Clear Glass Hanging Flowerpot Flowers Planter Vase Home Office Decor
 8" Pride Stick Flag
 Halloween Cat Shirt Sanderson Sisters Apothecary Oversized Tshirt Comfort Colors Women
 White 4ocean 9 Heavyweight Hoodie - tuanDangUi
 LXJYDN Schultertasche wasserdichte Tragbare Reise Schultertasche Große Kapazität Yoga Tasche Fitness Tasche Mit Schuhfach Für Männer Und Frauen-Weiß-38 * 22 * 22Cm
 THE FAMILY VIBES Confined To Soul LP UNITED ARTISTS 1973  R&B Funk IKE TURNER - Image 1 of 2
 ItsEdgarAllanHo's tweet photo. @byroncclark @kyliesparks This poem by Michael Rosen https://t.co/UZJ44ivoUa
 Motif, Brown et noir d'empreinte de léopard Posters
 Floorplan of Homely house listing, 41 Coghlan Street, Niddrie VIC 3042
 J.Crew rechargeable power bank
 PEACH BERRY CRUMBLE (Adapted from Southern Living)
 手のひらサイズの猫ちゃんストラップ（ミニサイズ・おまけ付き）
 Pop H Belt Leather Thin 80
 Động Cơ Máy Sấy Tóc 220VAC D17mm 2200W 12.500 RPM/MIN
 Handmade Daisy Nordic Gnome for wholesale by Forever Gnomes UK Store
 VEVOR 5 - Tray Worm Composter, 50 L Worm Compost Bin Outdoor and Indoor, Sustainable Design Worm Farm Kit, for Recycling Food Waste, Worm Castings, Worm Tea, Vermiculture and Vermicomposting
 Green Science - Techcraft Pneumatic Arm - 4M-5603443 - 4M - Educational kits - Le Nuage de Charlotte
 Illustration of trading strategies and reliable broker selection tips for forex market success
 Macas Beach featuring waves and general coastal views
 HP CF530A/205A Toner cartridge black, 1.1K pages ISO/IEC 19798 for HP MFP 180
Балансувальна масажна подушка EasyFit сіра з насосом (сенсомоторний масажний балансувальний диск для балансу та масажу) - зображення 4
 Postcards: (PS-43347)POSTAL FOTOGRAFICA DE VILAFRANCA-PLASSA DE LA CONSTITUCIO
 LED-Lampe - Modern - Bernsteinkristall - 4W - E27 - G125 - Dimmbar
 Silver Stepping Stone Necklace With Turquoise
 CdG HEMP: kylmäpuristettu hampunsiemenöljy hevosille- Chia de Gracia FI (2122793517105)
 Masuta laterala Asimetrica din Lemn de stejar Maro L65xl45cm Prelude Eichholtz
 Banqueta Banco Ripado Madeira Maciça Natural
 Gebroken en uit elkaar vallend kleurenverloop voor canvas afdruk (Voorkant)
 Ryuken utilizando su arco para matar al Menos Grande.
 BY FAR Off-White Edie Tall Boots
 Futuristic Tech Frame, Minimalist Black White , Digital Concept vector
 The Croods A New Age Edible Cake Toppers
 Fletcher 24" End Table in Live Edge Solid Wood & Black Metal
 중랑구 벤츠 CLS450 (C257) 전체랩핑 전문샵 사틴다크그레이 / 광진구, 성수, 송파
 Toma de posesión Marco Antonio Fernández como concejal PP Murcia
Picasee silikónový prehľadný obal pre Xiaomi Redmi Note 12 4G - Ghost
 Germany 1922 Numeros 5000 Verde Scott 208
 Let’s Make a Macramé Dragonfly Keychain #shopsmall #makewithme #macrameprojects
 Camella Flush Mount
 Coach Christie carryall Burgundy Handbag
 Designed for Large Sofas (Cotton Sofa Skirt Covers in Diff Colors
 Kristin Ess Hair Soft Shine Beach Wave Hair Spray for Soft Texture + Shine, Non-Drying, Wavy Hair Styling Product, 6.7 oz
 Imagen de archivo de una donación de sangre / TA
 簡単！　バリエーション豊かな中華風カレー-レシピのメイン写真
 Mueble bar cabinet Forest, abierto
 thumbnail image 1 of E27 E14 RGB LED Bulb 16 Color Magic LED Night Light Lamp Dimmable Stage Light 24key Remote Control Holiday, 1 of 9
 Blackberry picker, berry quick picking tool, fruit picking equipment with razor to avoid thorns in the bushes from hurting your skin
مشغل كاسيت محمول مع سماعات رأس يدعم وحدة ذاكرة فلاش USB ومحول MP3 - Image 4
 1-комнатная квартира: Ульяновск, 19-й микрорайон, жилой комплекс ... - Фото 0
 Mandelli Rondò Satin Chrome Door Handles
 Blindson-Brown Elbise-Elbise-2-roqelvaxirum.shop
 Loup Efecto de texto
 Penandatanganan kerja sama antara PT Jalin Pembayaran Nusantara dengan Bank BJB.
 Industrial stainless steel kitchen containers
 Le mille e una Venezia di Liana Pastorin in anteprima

Assignment: Check each line of the records for the word "Colors" and extract those that contain it.

Written response:
 Halloween Cat Shirt Sanderson Sisters Apothecary Oversized Tshirt Comfort Colors Women
 Designed for Large Sofas (Cotton Sofa Skirt Covers in Diff Colors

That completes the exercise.